Second, is regulation of combinations (mergers, amalgamations and acquisitions). Regulation of combination was an afterthought in the history of antitrust/competition laws. It is not an antitrust issue as rigorous as anti-competitive agreements or abuse of dominance. Prohibited conduct invites the ire of the Commission and heavy penalties linked to asset /turnover is specified.

Cartelisation, in particular, is visited with severe penalties. In some jurisdictions, cartels still remain criminalised. Regulations of combinations, on the other hand, only stipulate that enterprises should notify proposed combinations to the Commission and wait for its nod before consummating them, when the assets/turnover are above specified threshold value.
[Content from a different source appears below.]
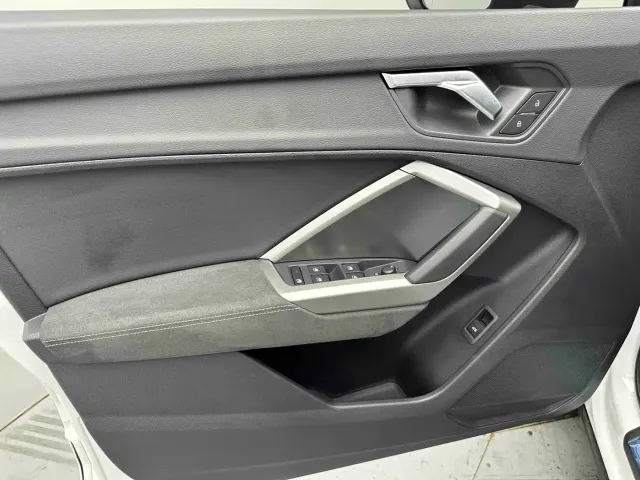 Audi Q3 — Фото автомобиля 10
Combinations as such are not anti-competitive.

Commission would assess the combination based the on factors provided in section 20 of the Act, and suggest modifications where relevant, and if such modifications are accepted by the parties, approval is given. As distinct from prohibited anti-competitive practices which are looked at by the Commission on an ex-ante basis, combinations are examined on an ex-post basis.

The proposal currently is to reduce the required quorum under section 22, from 3 to 2 Members on the ground of ‘doctrine of necessity’, for approval of combinations. Why only combinations, for the application of the doctrine of necessity?

They are legitimate business conduct by enterprises and are only subjected to scrutiny by the Commission to ensure that in the process of combination competition in the market is not unduly diluted. Thus, competition law envisages a totally different and more moderate regulatory framework for combinations as distinct from anti-competitive agreements and abuse of dominance. Combinations by their very nature involve business strategies of enterprises and early conclusion of such combinations is of great economic importance. Naturally, the law specifies timelines for approval of combinations by the Commission.

The Competition Law Review Committee (CLRC) had even recommended further reduction in the timelines for the process for approval of combinations. Moreover, ‘Green Channel’ based approval was also mooted, which CCI has already started implementing.

And the most appropriate way to resolve the issue of lack of quorum for combination approvals on an urgent basis is by way of invocating the ‘doctrine of necessity’. First of all, the coverage is only sections 5 and 6 (combinations). In case sections 3 and 4 were also covered eyebrows would have been raised, and legitimately, given the rigour required and also the penalties that can visit the parties in case of adverse findings.

Moreover, the preamble to the Competition Act, 2002 sets out that the law keeps in view the economic development of the country. The law is in place to promote and not to hinder economic development. When a large number of combinations get stalled business gets stalled, foreign investment flows are adversely affected and the level of economic activity gets compressed. The sense of certainty that had been imbued into the Act by specifying time lines gets dented. Hence invoking the doctrine of necessity in the case of reduced quorum for approval of combinations appears justified. In the meanwhile, there is urgency in filling the vacant post(s) in the Commission, as the doctrine of necessity should be invoked only for as short period as necessary.